Amazing how us as such tiny organisms on a tiny planet can see and study things so far away.
The distances and sizes are truly mind boggling .
Here's some pix showing the different planets and stars together
Couple of things wrong with those stars size comparisons. The Sun is quite a bit larger in relation to Sirius than what you see there. That white ball is 3 or so times larger than the orange ball that's the Sun. Sirius' actual diameter is 1.8 times the Sun's. The Earth/Mars comparison would be a closer fit in relation to the two stars (Mars is 53% of the Earth's diameter...actually a little smaller than Sirius/Sun = 55%). Now, if you said it was Vega, I'd say "yes". And, Rigel is a lot bigger than Aldebaran (70 v 40 solar radii). Pollux and Arcturus should be larger (10 and 30 solar radii, respectively) than shown, if you keep Sirius that size....(reduce it to proper size and they're both right). I'd also question the Betelgeuse/Antares comparison....although their actual sizes are uncertain anyway, given the nature of the two stars. I'll do a couple of quick calc's and get back on those two
Not really, it's just a simple matter of size comparisons. You just need to be able to see in your mind the relationship between size and the type of object you're looking at.
Look at it this way, if the Sun was the size of a pinhead (about 1mm), VY Canis Majoris would be a ball about 2.1 metres across. Neptune would be a point 0.03mm in size orbiting 1.2 metres away from the star....at the scale I suggested.
So if VY Canis Majoris is 2 000 x the diameter of the Sun; and given the formula for the volume of a sphere (and for the mathematics here we're assuming that of of these stars is a perfect sphere) = 4 pi r^3, that gives this star a volume of 8 billion x that of the Sun!

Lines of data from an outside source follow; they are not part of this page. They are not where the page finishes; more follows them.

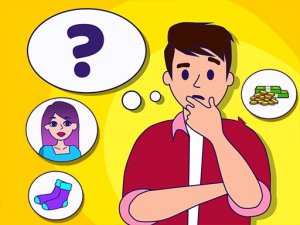 It's Story Time! Puzzle Game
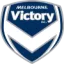 Melbourne Victory U23 logo
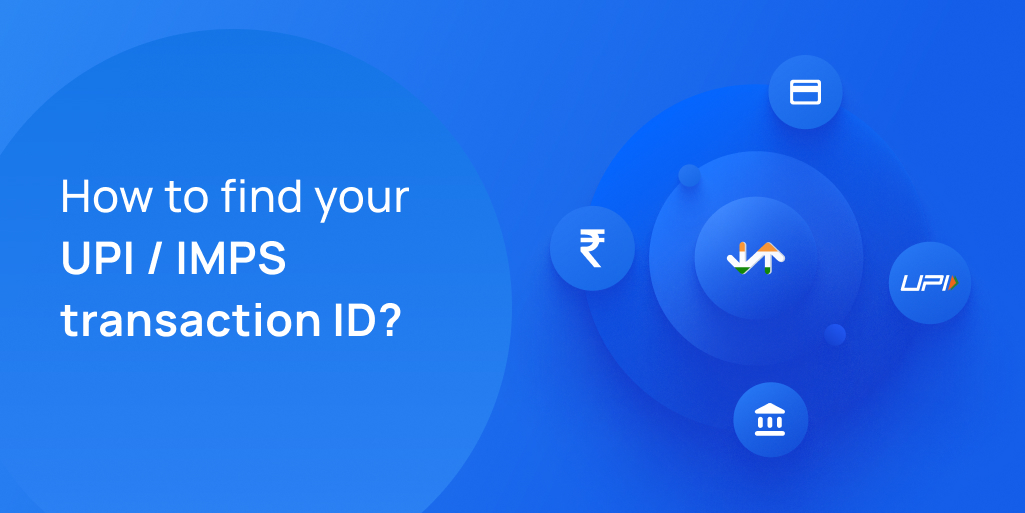 UPI Transaction ID (2)
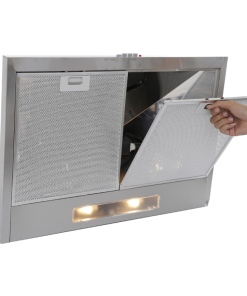 MÁY HÚT MÙI ÁP TƯỜNG TEKA DBB 70 40460420 TÂY BAN NHA - 7 TEKA DBB 70 40460420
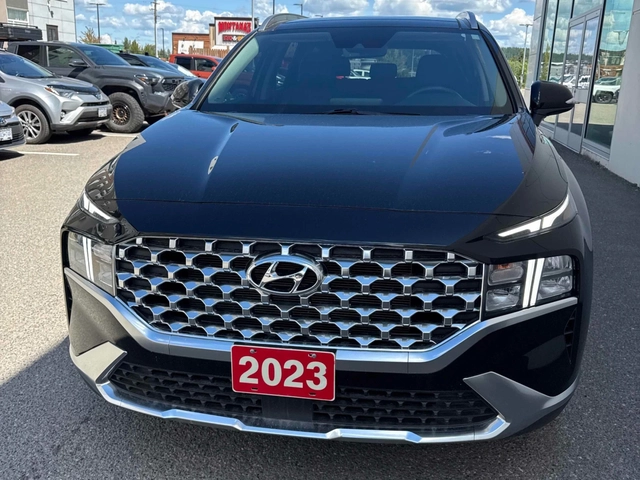 Hyundai Santa fe PREFERRED / CARFAX - автомобили, коли, обяви за нови и употребявани 1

Whoa!
That's the good thing about astronomy, awesomely ridiculous numbers.
Stuart
Sorry to contradict you again, but despite everything else, ol' Frank was actually a very good singer - he could make even the crappiest song sound good. Although this doesn't necessarily mean he didn't sing out of it!
Sorry to contradict you again, but despite everything else, ol' Frank was actually a very good singer - he could make even the crappiest song sound good. Although this doesn't necessarily mean he didn't sing out of it!
That's what I meant
However, he thought the Sun shone out his own
He wasn't the nicest of guys. His ego was bigger than CY Canis Majoris.